Start of Exercise inputs
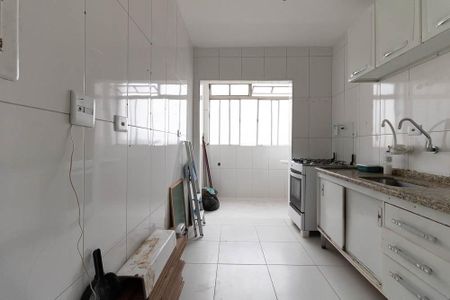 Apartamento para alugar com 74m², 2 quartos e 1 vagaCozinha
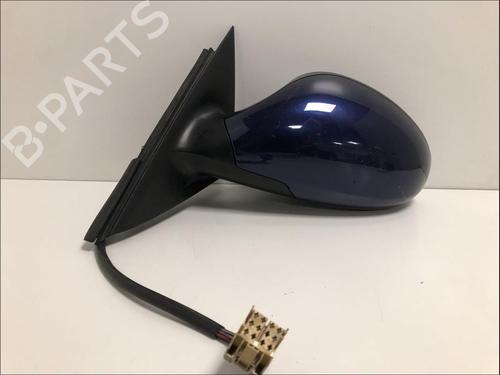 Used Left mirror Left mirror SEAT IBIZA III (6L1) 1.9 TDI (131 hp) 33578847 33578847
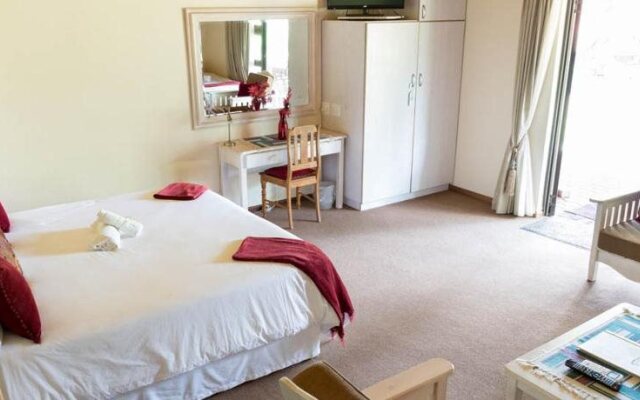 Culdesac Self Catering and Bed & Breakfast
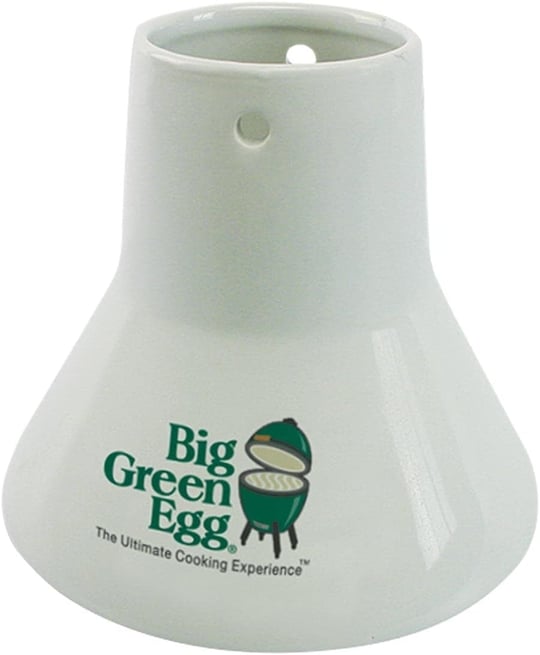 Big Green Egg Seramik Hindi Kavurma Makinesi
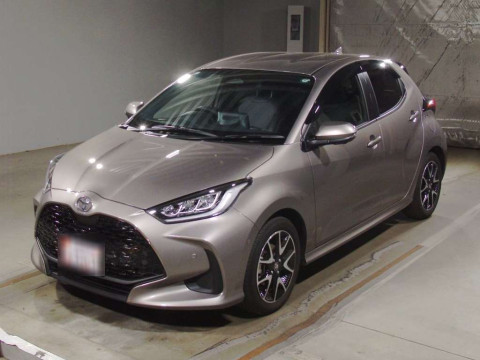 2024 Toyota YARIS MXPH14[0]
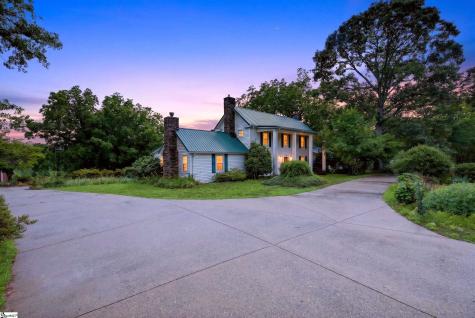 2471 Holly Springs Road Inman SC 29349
End of Exercise inputs
Start of Exercise inputs
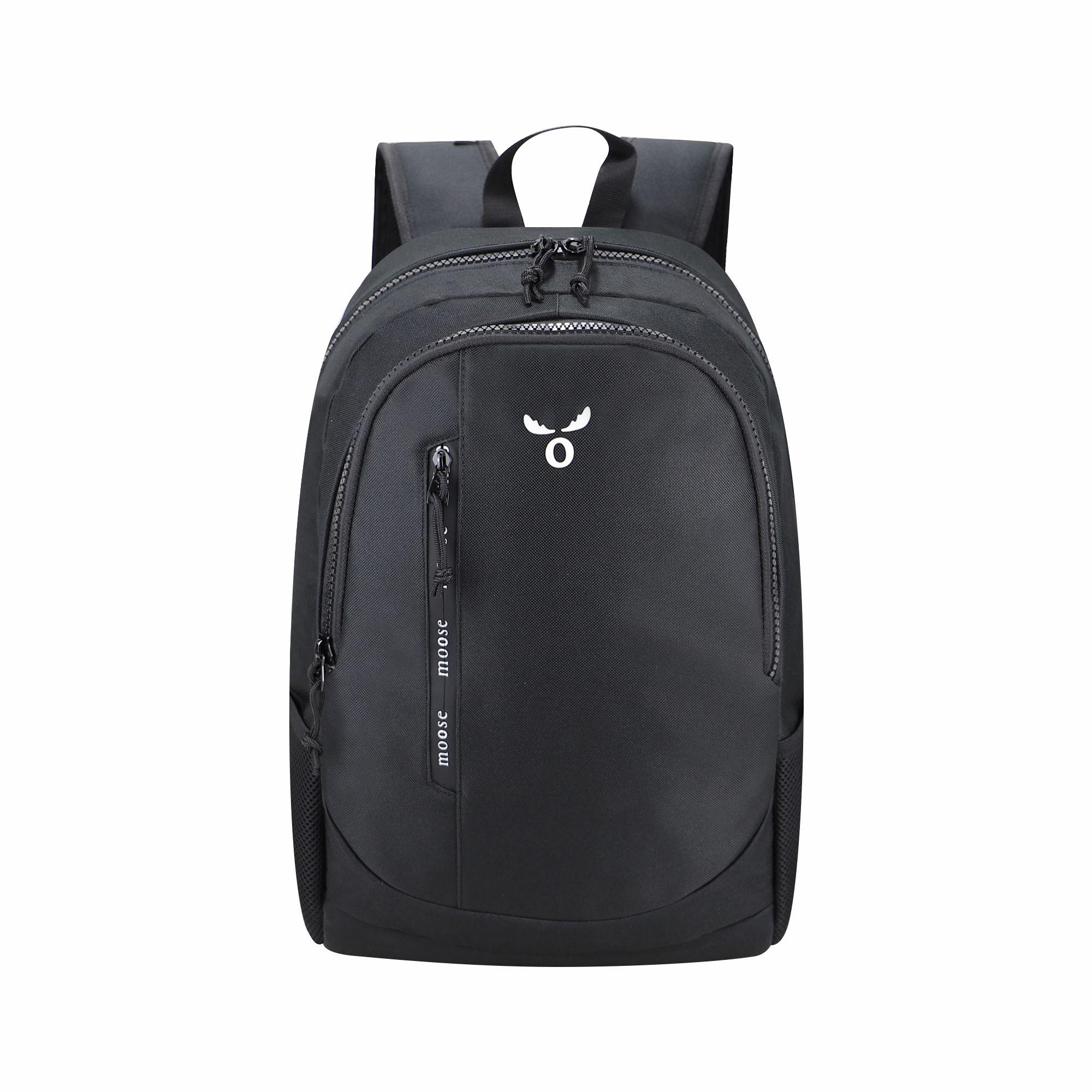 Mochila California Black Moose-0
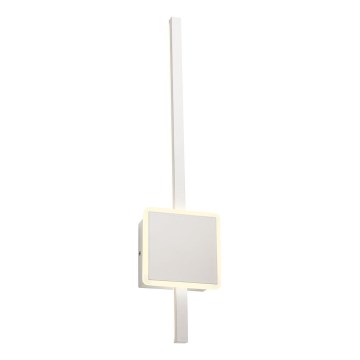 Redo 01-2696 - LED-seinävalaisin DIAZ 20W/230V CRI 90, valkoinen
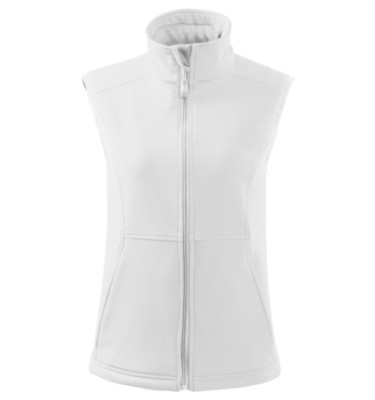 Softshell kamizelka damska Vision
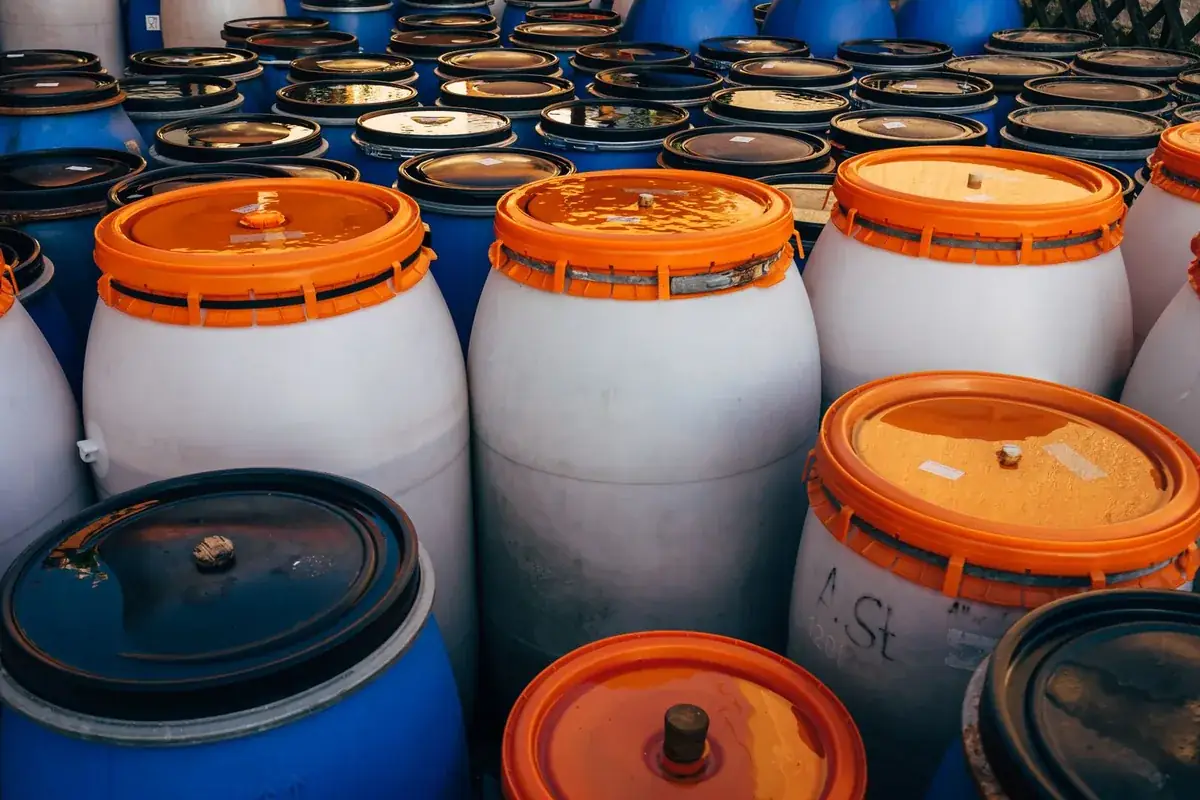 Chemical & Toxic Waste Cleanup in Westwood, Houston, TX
End of Exercise inputs
In the records above, find the line with "Apartamento para alugar" and the line with "2471 Holly Springs Road Inman SC 29349", then restate word for word only those two lines and all lines between, omitting pictures.

Solution for this exercise =
 Apartamento para alugar com 74m², 2 quartos e 1 vagaCozinha
 Used Left mirror Left mirror SEAT IBIZA III (6L1) 1.9 TDI (131 hp) 33578847 33578847
 Culdesac Self Catering and Bed & Breakfast
 Big Green Egg Seramik Hindi Kavurma Makinesi
 2024 Toyota YARIS MXPH14[0]
 2471 Holly Springs Road Inman SC 29349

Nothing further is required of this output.